Accra, Ghana – Finance Minister Dr. Cassiel Ato Forson asserted in Parliament on Thursday, May 28, that Ghana’s recent economic turnaround is a direct result of disciplined reforms implemented under President John Dramani Mahama’s administration. He attributed the recovery to the government’s efforts to stabilize an economy he described as having been inherited in a state of crisis due to severe mismanagement by the previous administration.
Context of Inherited Challenges
Dr. Forson detailed that upon taking office, the Mahama government confronted a deeply troubled economic landscape. This inherited situation was characterized by fiscal indiscipline, structural weaknesses, and policy failures that had significantly weakened the nation’s economy by the close of 2024.
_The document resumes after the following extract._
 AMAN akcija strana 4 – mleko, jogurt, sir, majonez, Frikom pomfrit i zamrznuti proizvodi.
The minister painted a picture of an overextended and inefficient public sector, rife with waste and corruption. He argued that this environment exacerbated the country’s economic vulnerabilities. Furthermore, he stated that the prior administration had undermined its own International Monetary Fund (IMF) program by failing to meet negotiated targets and commitments.
Forson emphasized that these economic challenges were not merely cyclical but deeply structural. He cautioned that revisiting these past issues was not about assigning blame but underscoring the critical importance of fiscal discipline and the severe consequences of economic mismanagement. He declared emphatically that Ghana must never return to such a path.
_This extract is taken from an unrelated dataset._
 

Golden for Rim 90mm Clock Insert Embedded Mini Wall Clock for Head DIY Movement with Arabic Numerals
Reforms and Stabilization Measures
According to Dr. Forson, President Mahama’s government acted swiftly to stabilize the economy and rebuild confidence in the IMF-supported program. The administration recalibrated the IMF framework to ensure equitable burden-sharing and implement more robust structural reforms.
A comprehensive suite of fiscal and institutional reforms was introduced. These included enhanced public financial management controls, rigorous audits of government arrears, and measures to eliminate inefficiencies in public spending.
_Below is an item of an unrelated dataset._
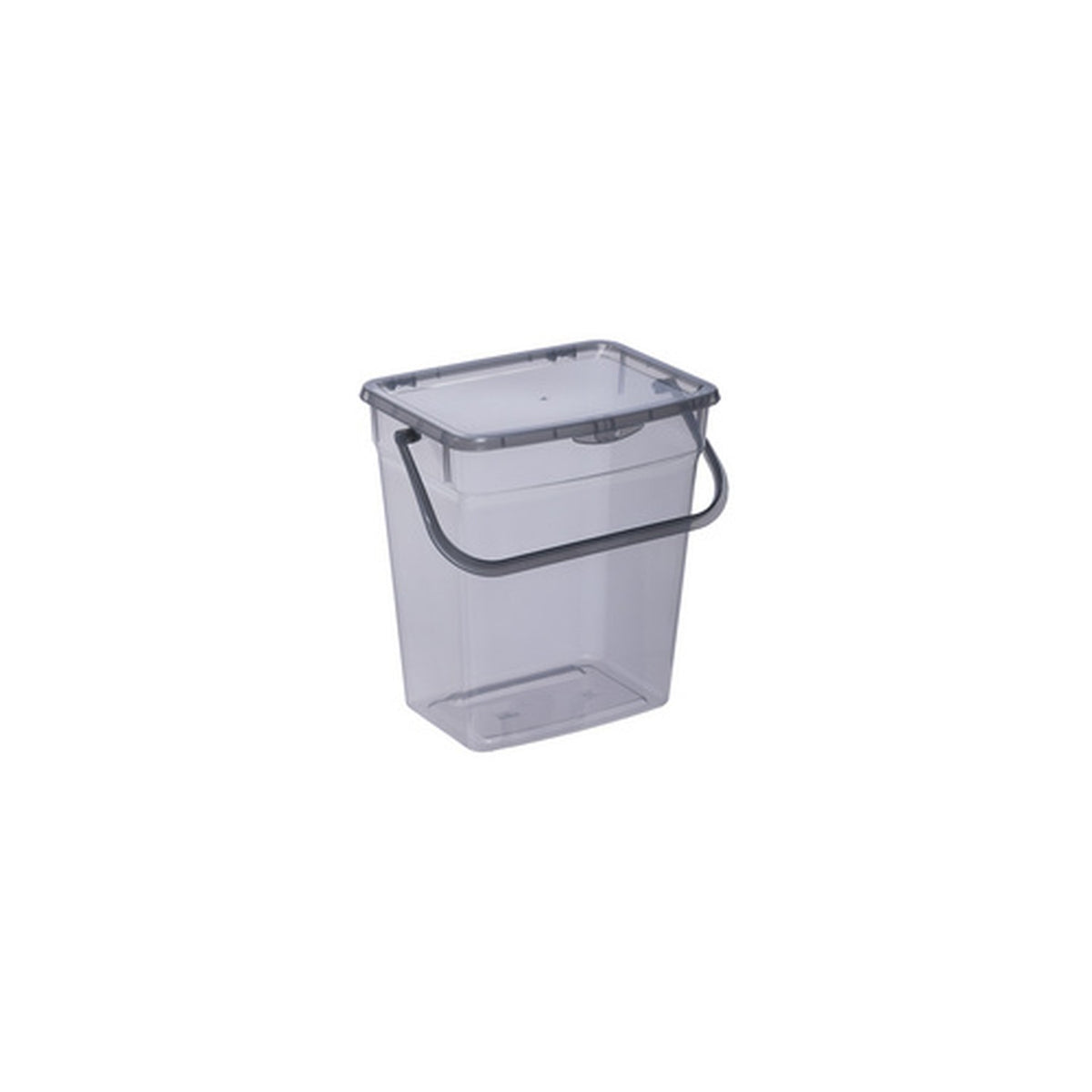 plast team Boîte à lessive, 6 litres, gris transparent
New governance and oversight bodies were established, such as the Office of Value for Money and an Independent Fiscal Council. These institutions aim to bolster accountability and ensure adherence to fiscal rules.
Additional measures involved operationalizing a Sinking Fund for improved debt management and introducing the Ghana Gold Board (GOLDBOD) to enhance foreign exchange stability. Amendments to the Public Financial Management Act were also made to institutionalize long-term debt and deficit targets.
The government also undertook a significant reduction in the size of the executive, cutting the number of ministers from 123 (later revised to 88) down to 60, and reducing ministries from 30 to 23. This move was intended to streamline governance and reduce public expenditure.
Several taxes described as “nuisance taxes” were removed, including the E-Levy, Betting Tax, Emissions Levy, and VAT on motor insurance. These removals were aimed at alleviating financial pressure on households and businesses.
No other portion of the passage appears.